Exercise: Go through the lines below and copy each one that holds the string "Hotel".

Given data:
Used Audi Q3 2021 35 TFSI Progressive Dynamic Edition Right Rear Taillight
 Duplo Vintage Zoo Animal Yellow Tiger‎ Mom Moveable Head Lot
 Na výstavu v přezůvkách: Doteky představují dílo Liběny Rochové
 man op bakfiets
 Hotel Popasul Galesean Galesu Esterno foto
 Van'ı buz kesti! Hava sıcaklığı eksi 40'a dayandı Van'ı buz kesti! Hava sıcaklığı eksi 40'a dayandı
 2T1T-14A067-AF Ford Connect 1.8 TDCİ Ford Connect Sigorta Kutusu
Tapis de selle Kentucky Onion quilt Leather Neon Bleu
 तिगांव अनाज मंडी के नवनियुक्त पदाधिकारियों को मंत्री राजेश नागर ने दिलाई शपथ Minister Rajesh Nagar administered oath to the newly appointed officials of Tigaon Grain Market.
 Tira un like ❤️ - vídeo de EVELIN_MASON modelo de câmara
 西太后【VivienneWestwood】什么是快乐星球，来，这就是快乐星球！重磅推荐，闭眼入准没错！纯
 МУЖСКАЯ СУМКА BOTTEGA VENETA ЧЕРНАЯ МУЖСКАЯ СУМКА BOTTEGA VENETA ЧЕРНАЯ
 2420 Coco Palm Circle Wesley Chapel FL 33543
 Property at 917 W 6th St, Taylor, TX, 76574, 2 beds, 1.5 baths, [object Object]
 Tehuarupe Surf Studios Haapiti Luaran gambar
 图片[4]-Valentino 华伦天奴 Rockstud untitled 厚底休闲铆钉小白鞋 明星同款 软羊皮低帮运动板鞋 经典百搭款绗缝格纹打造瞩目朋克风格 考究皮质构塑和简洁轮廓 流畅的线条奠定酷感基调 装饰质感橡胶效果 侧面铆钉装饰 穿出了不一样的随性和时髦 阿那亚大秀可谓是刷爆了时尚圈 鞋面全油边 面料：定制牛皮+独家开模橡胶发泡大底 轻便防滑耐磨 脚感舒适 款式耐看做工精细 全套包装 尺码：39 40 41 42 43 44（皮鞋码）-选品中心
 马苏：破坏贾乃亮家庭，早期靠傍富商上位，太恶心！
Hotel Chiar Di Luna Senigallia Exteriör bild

Answer space:
 Hotel Popasul Galesean Galesu Esterno foto
Hotel Chiar Di Luna Senigallia Exteriör bild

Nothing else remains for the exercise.